For: MALAYSIA-THAILAND JOINT AUTHORITY Date:
{Authorized Signature} {Witness}
For: PETRONAS CARIGALI (JDA) SDN BHD Date:
{Authorized Signature} {Witness}
For: TRITON OIL COMPANY OF THAILAND Date:
{Authorized Signature} {Witness}
For: TRITON OIL COMPANY OF THAILAND (JDA) LIMITED Date:
{Authorized Signature} {Witness}
For: PETROLEUM AUTHORITY OF THAILAND Date:
{Authorized Signature} {Witness}
For: PETROLIAM NASIONAL BERHAD Date:
{Authorized Signature} {Witness}
<PAGE>
Appendix A
Quality Specifications
1. Gas delivered under this Agreement shall at the Delivery Points:
(1) GENERAL - be commercially free from materials and dust or other
solid matter, liquid matter, waxes, gums and gumforming constituents which
might cause injury to or interference with proper operations of the lines,
meters, regulators or other appliances through which natural gas flows.

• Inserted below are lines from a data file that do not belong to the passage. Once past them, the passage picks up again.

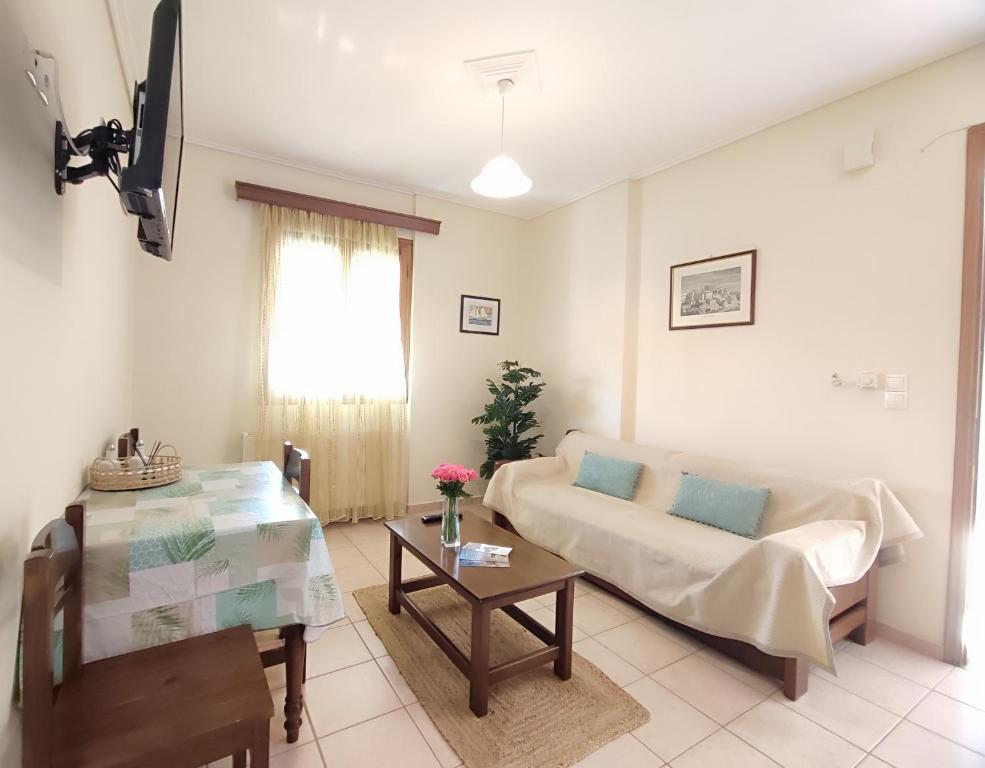 a living room with a couch and a table at Myrstia Apartments in Pyrgi Thermis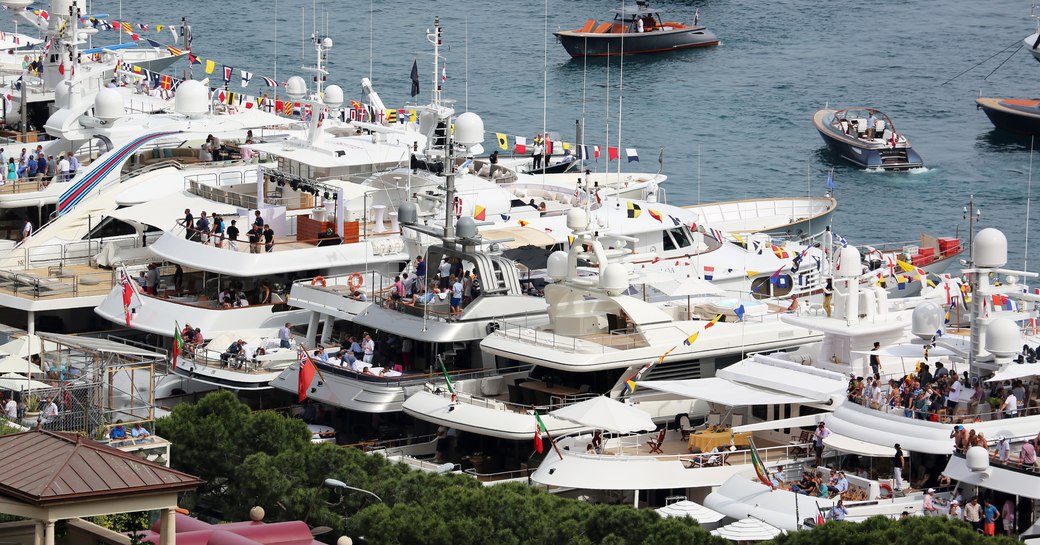 yachts in zone A in Port Hercules decked out in bunting for the Monaco Grand Prix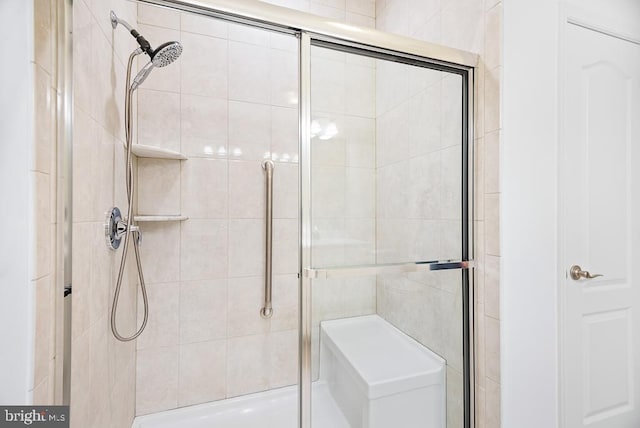 bathroom with an enclosed shower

Sellers shall furnish, install, maintain and operate such drips, separators,
heaters and other devices as Sellers deem necessary or desirable to effect
compliance with this specification.
(2) WATER CONTENT - contain not more than seven pounds of water vapor
per one million (1,000,000) cubic feet (7 lbs/MMCF) of Gas.
(3) SULFUR - contain not more than five decimal one seven (5.17)
grains total sulfur per one hundred (100) cubic feet of Gas.
(4) HYDROGEN SULFIDE - contain not more than three decimal four five
(3.45) grains of hydrogen sulfide per one hundred (100) cubic feet of Gas, as
determined by the weighted average at all applicable delivery points.
(5) CARBON DIOXIDE - contain not more than twenty-three (23) mole
percent of carbon dioxide, as determined by the weighted average at all
applicable delivery points.
(6) OXYGEN - contain not more than zero decimal one (0.1) mole
percent of oxygen.
(7) HEATING VALUE - have a Gross Calorific Value not less than eight
hundred fifty (850) BTU per cubic foot and not more than eleven hundred fifty
(1,150) BTU per cubic foot.
(8) TEMPERATURE - shall have a temperature which is not less than
sixty degrees (60 degrees) Fahrenheit and not more than one hundred forty
degrees (140 degrees) Fahrenheit.
(9) MERCURY - contain not more than 50 micrograms per cubic meter, as
determined by the weighted average at all applicable delivery points.
2. Suitable standard test method and measuring instruments of
standard manufacture acceptable to both parties together with procedures for
checking and/or verification of the instruments shall be agreed between the
parties or be determined by an expert.